All experiments were performed in accordance with relevant named guidelines and regulations.
Informed consent was obtained from all participants and/or their legal guardians.
Before its initiation, the available medical records of patients were verified to exclude general and local causes of burning in the mouth, and in the absence of required test results, they were ordered. In each case, a complete peripheral blood count, glycaemia, serum iron and folic acid levels, TSH (thyroid stimulating hormone), and CRP (C-reactive protein) were assessed. In cases of diagnostic doubt, patients were referred for fungal culture tests for candidiasis or patch tests for allergens, most frequently causing oral lesions. In this way, 60 patients with or without BMS somatosensory changes were qualified for the study.

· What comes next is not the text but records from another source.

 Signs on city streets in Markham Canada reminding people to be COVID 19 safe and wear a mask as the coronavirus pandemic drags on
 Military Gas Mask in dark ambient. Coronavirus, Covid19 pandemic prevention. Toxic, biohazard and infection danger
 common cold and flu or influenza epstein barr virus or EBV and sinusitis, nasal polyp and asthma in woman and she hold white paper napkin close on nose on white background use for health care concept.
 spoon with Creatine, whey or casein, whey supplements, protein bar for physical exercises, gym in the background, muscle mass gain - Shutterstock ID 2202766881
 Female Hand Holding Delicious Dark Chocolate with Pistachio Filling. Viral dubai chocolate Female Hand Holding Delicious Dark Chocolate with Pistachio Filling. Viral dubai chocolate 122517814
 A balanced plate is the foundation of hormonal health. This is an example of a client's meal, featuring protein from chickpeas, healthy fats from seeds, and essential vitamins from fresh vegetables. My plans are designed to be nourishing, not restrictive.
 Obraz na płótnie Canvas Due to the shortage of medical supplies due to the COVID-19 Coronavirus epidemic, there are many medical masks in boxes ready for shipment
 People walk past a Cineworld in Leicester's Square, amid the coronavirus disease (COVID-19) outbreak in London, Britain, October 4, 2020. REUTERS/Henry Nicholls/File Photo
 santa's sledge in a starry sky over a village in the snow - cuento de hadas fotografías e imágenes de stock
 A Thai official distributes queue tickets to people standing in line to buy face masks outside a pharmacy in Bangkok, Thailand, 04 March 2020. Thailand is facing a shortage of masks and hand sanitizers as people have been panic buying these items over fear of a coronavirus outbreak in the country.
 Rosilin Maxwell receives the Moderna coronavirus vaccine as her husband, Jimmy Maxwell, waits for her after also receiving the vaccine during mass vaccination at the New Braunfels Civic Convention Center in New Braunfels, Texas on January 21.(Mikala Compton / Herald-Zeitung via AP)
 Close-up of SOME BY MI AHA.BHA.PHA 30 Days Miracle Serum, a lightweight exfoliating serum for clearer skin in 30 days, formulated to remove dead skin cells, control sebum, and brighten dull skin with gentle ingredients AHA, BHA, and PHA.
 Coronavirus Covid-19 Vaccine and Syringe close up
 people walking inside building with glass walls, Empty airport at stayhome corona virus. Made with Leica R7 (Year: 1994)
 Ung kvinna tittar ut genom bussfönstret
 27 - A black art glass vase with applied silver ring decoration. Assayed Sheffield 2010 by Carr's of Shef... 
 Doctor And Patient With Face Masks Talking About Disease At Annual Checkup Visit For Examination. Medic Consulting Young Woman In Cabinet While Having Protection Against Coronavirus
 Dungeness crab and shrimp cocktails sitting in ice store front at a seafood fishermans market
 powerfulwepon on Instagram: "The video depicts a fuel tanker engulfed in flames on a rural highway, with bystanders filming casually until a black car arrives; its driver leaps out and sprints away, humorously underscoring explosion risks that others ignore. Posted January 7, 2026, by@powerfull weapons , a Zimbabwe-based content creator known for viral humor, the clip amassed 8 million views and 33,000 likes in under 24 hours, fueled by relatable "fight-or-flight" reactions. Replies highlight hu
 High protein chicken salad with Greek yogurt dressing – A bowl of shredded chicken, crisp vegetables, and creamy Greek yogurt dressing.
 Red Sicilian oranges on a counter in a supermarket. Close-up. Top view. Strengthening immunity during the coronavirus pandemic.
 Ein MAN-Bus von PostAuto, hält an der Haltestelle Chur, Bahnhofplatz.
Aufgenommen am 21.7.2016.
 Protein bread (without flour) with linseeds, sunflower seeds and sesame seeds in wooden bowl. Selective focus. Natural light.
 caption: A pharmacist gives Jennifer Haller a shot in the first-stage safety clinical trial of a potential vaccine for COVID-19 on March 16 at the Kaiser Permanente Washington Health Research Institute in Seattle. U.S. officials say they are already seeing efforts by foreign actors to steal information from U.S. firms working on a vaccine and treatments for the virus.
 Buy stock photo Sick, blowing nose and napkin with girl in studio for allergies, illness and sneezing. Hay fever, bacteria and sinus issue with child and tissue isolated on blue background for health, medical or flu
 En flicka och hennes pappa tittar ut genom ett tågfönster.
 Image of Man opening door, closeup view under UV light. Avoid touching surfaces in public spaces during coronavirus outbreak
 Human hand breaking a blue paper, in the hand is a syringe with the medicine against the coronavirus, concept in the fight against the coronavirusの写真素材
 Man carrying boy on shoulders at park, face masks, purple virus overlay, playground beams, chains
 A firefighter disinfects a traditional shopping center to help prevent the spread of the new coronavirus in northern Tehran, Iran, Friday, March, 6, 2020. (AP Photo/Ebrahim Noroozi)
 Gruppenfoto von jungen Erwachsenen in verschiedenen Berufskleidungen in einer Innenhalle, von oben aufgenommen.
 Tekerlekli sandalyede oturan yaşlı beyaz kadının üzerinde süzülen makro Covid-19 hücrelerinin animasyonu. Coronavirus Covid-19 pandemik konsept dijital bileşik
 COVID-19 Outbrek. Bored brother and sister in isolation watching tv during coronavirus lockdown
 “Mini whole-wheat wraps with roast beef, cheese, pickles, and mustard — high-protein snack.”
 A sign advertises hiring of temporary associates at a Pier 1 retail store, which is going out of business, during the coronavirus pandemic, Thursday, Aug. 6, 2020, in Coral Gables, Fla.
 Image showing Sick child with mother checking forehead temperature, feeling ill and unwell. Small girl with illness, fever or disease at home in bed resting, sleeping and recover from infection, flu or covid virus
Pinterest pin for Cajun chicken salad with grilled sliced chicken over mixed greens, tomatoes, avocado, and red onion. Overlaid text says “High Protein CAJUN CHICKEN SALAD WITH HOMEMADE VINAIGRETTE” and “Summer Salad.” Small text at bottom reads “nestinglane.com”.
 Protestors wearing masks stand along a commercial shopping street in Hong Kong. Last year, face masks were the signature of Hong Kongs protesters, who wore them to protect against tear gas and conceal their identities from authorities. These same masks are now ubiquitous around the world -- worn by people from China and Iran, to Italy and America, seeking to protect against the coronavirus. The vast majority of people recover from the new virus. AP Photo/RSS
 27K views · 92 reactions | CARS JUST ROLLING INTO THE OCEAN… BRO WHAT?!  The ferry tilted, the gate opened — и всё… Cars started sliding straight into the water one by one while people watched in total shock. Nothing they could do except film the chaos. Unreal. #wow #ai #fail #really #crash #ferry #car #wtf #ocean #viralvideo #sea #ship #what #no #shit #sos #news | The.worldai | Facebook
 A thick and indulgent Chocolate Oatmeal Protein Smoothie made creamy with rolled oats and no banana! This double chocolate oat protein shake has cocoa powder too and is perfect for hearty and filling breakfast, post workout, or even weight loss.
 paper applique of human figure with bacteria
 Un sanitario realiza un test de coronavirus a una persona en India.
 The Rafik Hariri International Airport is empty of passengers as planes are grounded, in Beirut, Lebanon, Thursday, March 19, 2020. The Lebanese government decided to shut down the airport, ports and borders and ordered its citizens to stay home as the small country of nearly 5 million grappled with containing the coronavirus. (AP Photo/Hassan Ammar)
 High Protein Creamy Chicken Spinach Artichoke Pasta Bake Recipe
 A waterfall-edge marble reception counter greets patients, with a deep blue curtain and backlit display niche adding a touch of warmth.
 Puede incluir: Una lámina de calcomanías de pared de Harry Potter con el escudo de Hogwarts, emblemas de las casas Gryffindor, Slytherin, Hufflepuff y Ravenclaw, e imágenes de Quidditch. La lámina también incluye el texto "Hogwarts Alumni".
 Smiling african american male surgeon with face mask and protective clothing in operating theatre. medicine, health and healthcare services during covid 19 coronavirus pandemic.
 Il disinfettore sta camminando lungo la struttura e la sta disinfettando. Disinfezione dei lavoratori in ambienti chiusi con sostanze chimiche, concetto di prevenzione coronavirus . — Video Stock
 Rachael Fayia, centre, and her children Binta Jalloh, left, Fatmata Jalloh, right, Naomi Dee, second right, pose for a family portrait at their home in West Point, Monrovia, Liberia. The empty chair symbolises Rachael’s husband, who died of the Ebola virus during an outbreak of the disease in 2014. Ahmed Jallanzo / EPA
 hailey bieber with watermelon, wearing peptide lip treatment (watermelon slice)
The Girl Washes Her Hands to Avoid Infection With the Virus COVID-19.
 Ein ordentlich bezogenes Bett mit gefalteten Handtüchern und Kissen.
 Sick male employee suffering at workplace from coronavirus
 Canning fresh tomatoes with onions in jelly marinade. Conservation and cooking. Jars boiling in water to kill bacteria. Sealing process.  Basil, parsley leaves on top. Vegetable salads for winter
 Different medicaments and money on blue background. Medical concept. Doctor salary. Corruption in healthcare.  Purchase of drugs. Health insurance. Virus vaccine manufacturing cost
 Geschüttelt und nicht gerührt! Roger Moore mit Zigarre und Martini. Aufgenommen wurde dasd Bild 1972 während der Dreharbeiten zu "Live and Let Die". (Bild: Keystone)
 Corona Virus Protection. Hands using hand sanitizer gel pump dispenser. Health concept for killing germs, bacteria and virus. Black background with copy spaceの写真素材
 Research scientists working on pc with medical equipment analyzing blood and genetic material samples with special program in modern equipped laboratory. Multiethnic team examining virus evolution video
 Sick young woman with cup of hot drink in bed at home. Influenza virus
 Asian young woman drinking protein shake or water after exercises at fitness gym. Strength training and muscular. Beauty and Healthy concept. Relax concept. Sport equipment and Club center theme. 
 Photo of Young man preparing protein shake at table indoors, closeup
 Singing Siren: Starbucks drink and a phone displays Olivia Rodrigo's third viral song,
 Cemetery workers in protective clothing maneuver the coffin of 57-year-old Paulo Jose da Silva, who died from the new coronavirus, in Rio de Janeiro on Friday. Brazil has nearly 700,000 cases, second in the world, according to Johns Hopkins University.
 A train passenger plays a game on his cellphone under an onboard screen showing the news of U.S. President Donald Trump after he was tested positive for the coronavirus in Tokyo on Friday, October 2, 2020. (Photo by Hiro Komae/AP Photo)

The clinical trial was conducted as a randomised trial with two parallel groups. Odd-numbered patients were assigned to the clonazepam-treated first group, in the order of inclusion, and even-numbered patients were assigned to the second group (JZ). The study was single-blinded, because neither the periodontist conducting the clinical examination (TK) nor the psychologist conducting the psychometric testing (KS) knew the group assignment. Treatment was provided for four weeks in both groups. In the first group, the oral dosage of clonazepam was as follows: in the first week—0.5 mg in the morning and one hour before falling asleep to be sucked until completely dissolved; in the second week—0.5 mg in the morning and 2 mg one hour before falling asleep; in the third week—0.5 mg in the morning and at midday and 2 mg one hour before falling asleep; in the fourth week—0.5 mg in the morning and one hour before falling asleep. In the second group, a tongue protector was used three times a day, one hour after meals (one protector per day), Table 1.
Table 1.
1 Week | 2 Week | 3 Week | 4 Week | |
---|---|---|---|---|
Group: clonazepam | 0.5 mg in the morning once a day | 0.5 mg in the morning 2 mg before asleep |
0.5 mg in the morning 0.5 mg at midday 2 mg before asleep |
0.5 mg in the morning 0.5 mg before asleep |
Group: tongue protector | 3 times a day (one hour after meals) | 3 times a day (one hour after meals) | 3 times a day (one hour after meals) | 3 times a day (one hour after meals) |
For the study, tongue protectors were made from 0.1 mm certified polythene with a standard dimension of 60 × 67 mm covering the tongue from the apex to 2/3 of its length (Figure 1).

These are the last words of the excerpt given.